Verification before merge:

Behavior addressed: npm plugins install into isolated per-plugin npm projects, with legacy flat-root recovery/cleanup retained.
Real environment tested: local macOS focused checks, GitHub Actions Linux/macOS/Windows matrix, CodeQL/Critical Quality, and prior Crabbox/Testbox install/update proof.
Exact steps or command run after this patch:

• node scripts/run-vitest.mjs test/scripts/setup-pnpm-store-cache-ensure-node.test.ts src/agents/live-model-dynamic-candidates.test.ts src/plugin-sdk/fetch-runtime.test.ts src/plugins/plugin-metadata-snapshot.memo.test.ts src/plugins/plugin-registry-snapshot.test.ts src/plugins/status.registry-snapshot.test.ts
• node scripts/run-oxlint.mjs .github/actions/setup-pnpm-store-cache/ensure-node.sh test/scripts/setup-pnpm-store-cache-ensure-node.test.ts src/agents/live-model-dynamic-candidates.ts src/agents/live-model-dynamic-candidates.test.ts src/plugins/plugin-metadata-snapshot.ts src/plugins/plugin-metadata-snapshot.memo.test.ts src/infra/net/node-proxy-agent.ts
• node scripts/run-tsgo.mjs -p test/tsconfig/tsconfig.test.src.json --incremental --tsBuildInfoFile .artifacts/tsgo-cache/test-src.tsbuildinfo
• node scripts/run-tsgo.mjs -p tsconfig.plugin-sdk.dts.json --declaration true
• /Users/steipete/Projects/agent-scripts/skills/autoreview/scripts/autoreview --mode local
  Evidence after fix: GitHub CI run 26599300820 passed; CodeQL run 26599300756 passed; Critical Quality run 26599300819 passed; OpenGrep run 26599300840 passed; Real behavior proof run 26599300266 passed.

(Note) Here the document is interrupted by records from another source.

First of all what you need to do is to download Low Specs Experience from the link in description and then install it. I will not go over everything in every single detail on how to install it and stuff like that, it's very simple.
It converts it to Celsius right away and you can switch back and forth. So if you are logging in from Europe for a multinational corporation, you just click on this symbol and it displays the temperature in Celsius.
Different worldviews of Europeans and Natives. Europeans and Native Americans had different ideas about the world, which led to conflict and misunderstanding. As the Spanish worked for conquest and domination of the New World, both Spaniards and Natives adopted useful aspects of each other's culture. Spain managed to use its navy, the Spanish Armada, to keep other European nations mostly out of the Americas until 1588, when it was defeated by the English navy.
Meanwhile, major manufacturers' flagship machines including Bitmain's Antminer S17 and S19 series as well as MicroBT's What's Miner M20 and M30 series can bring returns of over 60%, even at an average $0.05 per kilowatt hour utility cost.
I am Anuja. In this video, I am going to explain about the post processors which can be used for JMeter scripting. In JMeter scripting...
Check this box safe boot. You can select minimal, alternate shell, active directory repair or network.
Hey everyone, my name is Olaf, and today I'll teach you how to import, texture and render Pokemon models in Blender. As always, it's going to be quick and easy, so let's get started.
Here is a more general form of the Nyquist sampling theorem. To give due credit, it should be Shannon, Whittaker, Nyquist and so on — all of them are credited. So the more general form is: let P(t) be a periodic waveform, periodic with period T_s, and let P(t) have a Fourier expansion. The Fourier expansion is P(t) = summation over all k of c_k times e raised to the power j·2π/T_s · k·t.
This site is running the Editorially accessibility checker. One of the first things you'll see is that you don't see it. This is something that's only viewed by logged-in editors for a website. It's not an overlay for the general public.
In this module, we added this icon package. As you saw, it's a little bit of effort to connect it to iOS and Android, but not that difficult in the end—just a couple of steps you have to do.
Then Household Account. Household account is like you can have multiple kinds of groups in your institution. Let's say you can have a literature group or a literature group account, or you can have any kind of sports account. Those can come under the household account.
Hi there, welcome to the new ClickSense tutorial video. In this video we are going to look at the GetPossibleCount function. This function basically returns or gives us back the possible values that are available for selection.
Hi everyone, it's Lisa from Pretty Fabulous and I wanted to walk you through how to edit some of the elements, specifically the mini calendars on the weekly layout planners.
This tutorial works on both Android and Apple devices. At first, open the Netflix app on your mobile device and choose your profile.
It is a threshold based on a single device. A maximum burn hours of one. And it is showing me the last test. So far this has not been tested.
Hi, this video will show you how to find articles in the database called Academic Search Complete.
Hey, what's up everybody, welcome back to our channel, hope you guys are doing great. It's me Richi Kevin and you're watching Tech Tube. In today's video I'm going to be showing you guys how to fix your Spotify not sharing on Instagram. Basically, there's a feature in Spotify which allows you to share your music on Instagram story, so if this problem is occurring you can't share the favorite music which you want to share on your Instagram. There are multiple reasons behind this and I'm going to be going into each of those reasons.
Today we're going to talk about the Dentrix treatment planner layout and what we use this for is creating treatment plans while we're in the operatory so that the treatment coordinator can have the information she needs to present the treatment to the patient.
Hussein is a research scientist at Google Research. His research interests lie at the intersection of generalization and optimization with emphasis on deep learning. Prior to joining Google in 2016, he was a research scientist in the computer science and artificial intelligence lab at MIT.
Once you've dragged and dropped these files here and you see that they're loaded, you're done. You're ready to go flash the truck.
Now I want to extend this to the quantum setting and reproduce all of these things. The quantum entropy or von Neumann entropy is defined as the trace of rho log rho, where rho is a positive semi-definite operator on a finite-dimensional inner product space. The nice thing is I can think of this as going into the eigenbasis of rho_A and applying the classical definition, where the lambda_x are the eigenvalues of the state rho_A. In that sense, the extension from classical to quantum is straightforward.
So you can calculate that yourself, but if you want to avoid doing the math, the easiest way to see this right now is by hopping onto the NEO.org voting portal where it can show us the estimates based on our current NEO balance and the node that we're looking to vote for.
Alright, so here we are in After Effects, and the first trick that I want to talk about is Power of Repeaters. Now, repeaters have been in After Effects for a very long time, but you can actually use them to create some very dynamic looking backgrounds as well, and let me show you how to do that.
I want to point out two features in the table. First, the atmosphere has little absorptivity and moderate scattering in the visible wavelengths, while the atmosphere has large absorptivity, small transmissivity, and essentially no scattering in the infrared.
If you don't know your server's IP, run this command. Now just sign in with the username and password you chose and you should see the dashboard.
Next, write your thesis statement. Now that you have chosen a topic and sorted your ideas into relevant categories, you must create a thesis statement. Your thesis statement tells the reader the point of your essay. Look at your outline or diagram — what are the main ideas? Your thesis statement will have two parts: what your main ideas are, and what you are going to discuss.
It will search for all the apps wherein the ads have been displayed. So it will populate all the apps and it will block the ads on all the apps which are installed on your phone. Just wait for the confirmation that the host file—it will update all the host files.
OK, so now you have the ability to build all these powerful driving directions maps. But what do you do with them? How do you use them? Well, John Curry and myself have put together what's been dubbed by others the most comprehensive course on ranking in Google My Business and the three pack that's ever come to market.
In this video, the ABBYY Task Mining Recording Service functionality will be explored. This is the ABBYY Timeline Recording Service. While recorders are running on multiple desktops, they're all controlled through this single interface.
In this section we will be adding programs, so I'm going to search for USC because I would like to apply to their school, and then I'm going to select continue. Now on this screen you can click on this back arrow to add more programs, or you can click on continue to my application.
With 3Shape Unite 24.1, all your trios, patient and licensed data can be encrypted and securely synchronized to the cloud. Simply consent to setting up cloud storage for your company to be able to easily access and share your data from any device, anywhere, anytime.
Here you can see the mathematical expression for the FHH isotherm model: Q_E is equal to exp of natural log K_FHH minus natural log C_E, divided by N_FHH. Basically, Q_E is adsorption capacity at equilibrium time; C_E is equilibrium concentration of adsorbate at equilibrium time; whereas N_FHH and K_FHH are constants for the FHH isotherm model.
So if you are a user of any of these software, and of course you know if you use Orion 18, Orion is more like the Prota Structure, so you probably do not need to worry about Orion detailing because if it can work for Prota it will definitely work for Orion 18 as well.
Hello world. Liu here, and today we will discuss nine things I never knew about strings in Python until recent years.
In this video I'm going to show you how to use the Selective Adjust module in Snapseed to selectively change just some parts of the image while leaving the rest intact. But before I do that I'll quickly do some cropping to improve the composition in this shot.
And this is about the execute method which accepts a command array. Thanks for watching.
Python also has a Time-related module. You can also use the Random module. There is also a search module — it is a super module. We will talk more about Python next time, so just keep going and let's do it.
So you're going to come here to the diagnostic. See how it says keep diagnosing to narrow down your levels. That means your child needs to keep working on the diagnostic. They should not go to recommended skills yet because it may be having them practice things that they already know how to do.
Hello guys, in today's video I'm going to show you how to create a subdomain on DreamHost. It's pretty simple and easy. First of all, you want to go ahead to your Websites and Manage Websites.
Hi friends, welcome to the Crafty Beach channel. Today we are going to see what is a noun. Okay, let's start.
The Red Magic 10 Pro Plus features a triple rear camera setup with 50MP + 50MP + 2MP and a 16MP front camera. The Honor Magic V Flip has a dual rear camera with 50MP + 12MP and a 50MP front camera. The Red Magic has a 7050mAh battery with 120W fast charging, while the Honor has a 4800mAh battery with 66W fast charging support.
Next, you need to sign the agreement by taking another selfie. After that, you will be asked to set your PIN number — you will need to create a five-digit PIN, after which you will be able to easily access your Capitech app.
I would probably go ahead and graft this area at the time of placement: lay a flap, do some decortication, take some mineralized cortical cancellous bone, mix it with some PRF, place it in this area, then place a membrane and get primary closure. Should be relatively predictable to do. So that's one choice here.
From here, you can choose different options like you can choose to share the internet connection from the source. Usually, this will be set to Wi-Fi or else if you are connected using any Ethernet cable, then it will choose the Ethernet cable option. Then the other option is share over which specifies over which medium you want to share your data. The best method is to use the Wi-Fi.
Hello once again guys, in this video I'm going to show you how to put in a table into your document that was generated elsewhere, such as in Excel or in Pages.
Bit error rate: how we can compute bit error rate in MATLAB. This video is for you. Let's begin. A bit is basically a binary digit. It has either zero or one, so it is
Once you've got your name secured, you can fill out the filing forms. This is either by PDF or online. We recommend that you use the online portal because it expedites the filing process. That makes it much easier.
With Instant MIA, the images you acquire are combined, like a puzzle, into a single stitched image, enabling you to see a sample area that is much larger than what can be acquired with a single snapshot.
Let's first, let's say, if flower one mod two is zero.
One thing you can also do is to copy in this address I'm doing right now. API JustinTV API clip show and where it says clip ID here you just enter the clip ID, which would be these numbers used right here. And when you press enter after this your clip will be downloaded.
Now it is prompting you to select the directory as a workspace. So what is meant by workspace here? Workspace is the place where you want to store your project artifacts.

  Observed result after fix: all required PR checks pass on head a25f1bc.
  Additional prior real-env proof: Crabbox/Testbox fresh plugin lifecycle tbx_01ksqtt67056pdwdn6t9szasrk; update from openclaw@2026.5.20 tbx_01ksqtt3zb9hvj1njeag296ewg; update from openclaw@2026.4.23 tbx_01ksqtt5rske4az4n850wzbveq.
  What was not tested: the earlier Windows AWS live attempt reached Node/pnpm setup but SSH timed out mid-install; GitHub Windows CI passed for this PR head.